= Work required =
Down to the last line, restate the listing below exactly.

Given information section start

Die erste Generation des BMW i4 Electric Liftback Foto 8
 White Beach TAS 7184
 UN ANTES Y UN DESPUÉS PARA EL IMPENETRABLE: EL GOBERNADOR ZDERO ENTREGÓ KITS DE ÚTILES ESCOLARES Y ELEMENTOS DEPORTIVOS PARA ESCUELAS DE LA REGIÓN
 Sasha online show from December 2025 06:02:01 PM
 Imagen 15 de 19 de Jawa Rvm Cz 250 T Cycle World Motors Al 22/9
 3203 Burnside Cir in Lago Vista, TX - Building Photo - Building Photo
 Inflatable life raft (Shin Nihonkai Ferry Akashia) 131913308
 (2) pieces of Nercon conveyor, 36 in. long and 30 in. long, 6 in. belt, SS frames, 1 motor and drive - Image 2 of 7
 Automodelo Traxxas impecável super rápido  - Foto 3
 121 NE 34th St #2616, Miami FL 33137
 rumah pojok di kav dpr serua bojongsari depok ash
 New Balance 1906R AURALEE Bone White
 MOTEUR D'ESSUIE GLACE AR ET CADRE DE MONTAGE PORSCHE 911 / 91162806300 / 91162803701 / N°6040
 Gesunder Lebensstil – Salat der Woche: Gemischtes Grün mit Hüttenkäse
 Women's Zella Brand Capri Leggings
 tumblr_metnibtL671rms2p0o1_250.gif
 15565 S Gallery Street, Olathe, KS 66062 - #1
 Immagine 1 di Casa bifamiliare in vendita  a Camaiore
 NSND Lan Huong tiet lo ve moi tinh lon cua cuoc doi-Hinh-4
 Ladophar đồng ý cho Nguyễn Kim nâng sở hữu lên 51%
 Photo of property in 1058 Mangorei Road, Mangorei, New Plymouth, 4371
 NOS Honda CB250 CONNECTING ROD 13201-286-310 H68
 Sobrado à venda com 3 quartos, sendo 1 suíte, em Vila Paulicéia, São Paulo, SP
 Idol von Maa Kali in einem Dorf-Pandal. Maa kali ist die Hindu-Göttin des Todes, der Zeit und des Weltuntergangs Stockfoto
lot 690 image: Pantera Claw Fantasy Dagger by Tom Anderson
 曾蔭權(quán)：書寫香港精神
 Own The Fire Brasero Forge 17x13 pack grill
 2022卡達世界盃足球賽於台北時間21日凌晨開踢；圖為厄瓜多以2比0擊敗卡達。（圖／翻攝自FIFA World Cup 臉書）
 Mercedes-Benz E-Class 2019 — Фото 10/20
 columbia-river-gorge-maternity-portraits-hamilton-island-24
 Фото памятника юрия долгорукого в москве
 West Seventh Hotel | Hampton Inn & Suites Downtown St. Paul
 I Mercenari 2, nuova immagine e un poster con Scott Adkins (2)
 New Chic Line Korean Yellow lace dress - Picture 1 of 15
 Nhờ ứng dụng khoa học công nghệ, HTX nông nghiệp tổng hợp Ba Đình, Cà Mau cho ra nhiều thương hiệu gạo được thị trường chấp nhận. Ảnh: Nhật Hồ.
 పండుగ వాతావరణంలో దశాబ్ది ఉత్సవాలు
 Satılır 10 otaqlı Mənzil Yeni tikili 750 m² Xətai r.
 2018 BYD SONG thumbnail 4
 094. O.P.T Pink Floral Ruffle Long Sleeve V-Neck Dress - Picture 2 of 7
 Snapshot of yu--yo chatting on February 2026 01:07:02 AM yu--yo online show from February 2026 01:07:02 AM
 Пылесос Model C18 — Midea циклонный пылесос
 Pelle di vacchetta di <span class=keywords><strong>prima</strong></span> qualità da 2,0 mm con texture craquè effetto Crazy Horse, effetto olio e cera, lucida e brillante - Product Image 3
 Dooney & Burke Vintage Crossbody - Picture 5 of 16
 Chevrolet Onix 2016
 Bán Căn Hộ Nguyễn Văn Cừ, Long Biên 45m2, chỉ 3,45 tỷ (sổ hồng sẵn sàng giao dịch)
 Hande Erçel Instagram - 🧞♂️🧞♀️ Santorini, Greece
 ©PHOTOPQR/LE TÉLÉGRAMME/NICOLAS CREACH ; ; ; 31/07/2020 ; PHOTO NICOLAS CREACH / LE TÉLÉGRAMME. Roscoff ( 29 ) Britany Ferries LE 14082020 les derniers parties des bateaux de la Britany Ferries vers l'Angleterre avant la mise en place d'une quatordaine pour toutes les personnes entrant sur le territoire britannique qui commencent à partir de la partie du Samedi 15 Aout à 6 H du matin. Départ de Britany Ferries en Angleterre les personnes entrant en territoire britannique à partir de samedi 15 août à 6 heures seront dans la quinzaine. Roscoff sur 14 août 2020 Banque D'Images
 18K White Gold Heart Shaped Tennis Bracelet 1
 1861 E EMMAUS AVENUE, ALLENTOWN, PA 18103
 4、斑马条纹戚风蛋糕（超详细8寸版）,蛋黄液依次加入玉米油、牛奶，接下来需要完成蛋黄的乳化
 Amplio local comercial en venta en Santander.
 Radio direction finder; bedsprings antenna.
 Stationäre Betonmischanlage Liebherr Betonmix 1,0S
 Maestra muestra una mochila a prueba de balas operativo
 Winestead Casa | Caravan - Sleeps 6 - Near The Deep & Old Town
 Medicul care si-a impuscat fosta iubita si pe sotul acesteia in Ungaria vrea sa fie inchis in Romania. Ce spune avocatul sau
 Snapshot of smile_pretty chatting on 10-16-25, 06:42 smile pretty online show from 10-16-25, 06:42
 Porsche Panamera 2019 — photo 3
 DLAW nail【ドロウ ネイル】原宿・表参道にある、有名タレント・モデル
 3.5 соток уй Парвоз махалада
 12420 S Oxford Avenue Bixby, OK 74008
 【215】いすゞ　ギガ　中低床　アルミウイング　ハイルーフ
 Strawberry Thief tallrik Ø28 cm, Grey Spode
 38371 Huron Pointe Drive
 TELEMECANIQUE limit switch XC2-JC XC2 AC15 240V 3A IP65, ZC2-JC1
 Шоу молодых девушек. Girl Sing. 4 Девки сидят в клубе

Given information section end

= Reply to the task =
Die erste Generation des BMW i4 Electric Liftback Foto 8
 White Beach TAS 7184
 UN ANTES Y UN DESPUÉS PARA EL IMPENETRABLE: EL GOBERNADOR ZDERO ENTREGÓ KITS DE ÚTILES ESCOLARES Y ELEMENTOS DEPORTIVOS PARA ESCUELAS DE LA REGIÓN
 Sasha online show from December 2025 06:02:01 PM
 Imagen 15 de 19 de Jawa Rvm Cz 250 T Cycle World Motors Al 22/9
 3203 Burnside Cir in Lago Vista, TX - Building Photo - Building Photo
 Inflatable life raft (Shin Nihonkai Ferry Akashia) 131913308
 (2) pieces of Nercon conveyor, 36 in. long and 30 in. long, 6 in. belt, SS frames, 1 motor and drive - Image 2 of 7
 Automodelo Traxxas impecável super rápido  - Foto 3
 121 NE 34th St #2616, Miami FL 33137
 rumah pojok di kav dpr serua bojongsari depok ash
 New Balance 1906R AURALEE Bone White
 MOTEUR D'ESSUIE GLACE AR ET CADRE DE MONTAGE PORSCHE 911 / 91162806300 / 91162803701 / N°6040
 Gesunder Lebensstil – Salat der Woche: Gemischtes Grün mit Hüttenkäse
 Women's Zella Brand Capri Leggings
 tumblr_metnibtL671rms2p0o1_250.gif
 15565 S Gallery Street, Olathe, KS 66062 - #1
 Immagine 1 di Casa bifamiliare in vendita  a Camaiore
 NSND Lan Huong tiet lo ve moi tinh lon cua cuoc doi-Hinh-4
 Ladophar đồng ý cho Nguyễn Kim nâng sở hữu lên 51%
 Photo of property in 1058 Mangorei Road, Mangorei, New Plymouth, 4371
 NOS Honda CB250 CONNECTING ROD 13201-286-310 H68
 Sobrado à venda com 3 quartos, sendo 1 suíte, em Vila Paulicéia, São Paulo, SP
 Idol von Maa Kali in einem Dorf-Pandal. Maa kali ist die Hindu-Göttin des Todes, der Zeit und des Weltuntergangs Stockfoto
lot 690 image: Pantera Claw Fantasy Dagger by Tom Anderson
 曾蔭權(quán)：書寫香港精神
 Own The Fire Brasero Forge 17x13 pack grill
 2022卡達世界盃足球賽於台北時間21日凌晨開踢；圖為厄瓜多以2比0擊敗卡達。（圖／翻攝自FIFA World Cup 臉書）
 Mercedes-Benz E-Class 2019 — Фото 10/20
 columbia-river-gorge-maternity-portraits-hamilton-island-24
 Фото памятника юрия долгорукого в москве
 West Seventh Hotel | Hampton Inn & Suites Downtown St. Paul
 I Mercenari 2, nuova immagine e un poster con Scott Adkins (2)
 New Chic Line Korean Yellow lace dress - Picture 1 of 15
 Nhờ ứng dụng khoa học công nghệ, HTX nông nghiệp tổng hợp Ba Đình, Cà Mau cho ra nhiều thương hiệu gạo được thị trường chấp nhận. Ảnh: Nhật Hồ.
 పండుగ వాతావరణంలో దశాబ్ది ఉత్సవాలు
 Satılır 10 otaqlı Mənzil Yeni tikili 750 m² Xətai r.
 2018 BYD SONG thumbnail 4
 094. O.P.T Pink Floral Ruffle Long Sleeve V-Neck Dress - Picture 2 of 7
 Snapshot of yu--yo chatting on February 2026 01:07:02 AM yu--yo online show from February 2026 01:07:02 AM
 Пылесос Model C18 — Midea циклонный пылесос
 Pelle di vacchetta di <span class=keywords><strong>prima</strong></span> qualità da 2,0 mm con texture craquè effetto Crazy Horse, effetto olio e cera, lucida e brillante - Product Image 3
 Dooney & Burke Vintage Crossbody - Picture 5 of 16
 Chevrolet Onix 2016
 Bán Căn Hộ Nguyễn Văn Cừ, Long Biên 45m2, chỉ 3,45 tỷ (sổ hồng sẵn sàng giao dịch)
 Hande Erçel Instagram - 🧞♂️🧞♀️ Santorini, Greece
 ©PHOTOPQR/LE TÉLÉGRAMME/NICOLAS CREACH ; ; ; 31/07/2020 ; PHOTO NICOLAS CREACH / LE TÉLÉGRAMME. Roscoff ( 29 ) Britany Ferries LE 14082020 les derniers parties des bateaux de la Britany Ferries vers l'Angleterre avant la mise en place d'une quatordaine pour toutes les personnes entrant sur le territoire britannique qui commencent à partir de la partie du Samedi 15 Aout à 6 H du matin. Départ de Britany Ferries en Angleterre les personnes entrant en territoire britannique à partir de samedi 15 août à 6 heures seront dans la quinzaine. Roscoff sur 14 août 2020 Banque D'Images
 18K White Gold Heart Shaped Tennis Bracelet 1
 1861 E EMMAUS AVENUE, ALLENTOWN, PA 18103
 4、斑马条纹戚风蛋糕（超详细8寸版）,蛋黄液依次加入玉米油、牛奶，接下来需要完成蛋黄的乳化
 Amplio local comercial en venta en Santander.
 Radio direction finder; bedsprings antenna.
 Stationäre Betonmischanlage Liebherr Betonmix 1,0S
 Maestra muestra una mochila a prueba de balas operativo
 Winestead Casa | Caravan - Sleeps 6 - Near The Deep & Old Town
 Medicul care si-a impuscat fosta iubita si pe sotul acesteia in Ungaria vrea sa fie inchis in Romania. Ce spune avocatul sau
 Snapshot of smile_pretty chatting on 10-16-25, 06:42 smile pretty online show from 10-16-25, 06:42
 Porsche Panamera 2019 — photo 3
 DLAW nail【ドロウ ネイル】原宿・表参道にある、有名タレント・モデル
 3.5 соток уй Парвоз махалада
 12420 S Oxford Avenue Bixby, OK 74008
 【215】いすゞ　ギガ　中低床　アルミウイング　ハイルーフ
 Strawberry Thief tallrik Ø28 cm, Grey Spode
 38371 Huron Pointe Drive
 TELEMECANIQUE limit switch XC2-JC XC2 AC15 240V 3A IP65, ZC2-JC1
 Шоу молодых девушек. Girl Sing. 4 Девки сидят в клубе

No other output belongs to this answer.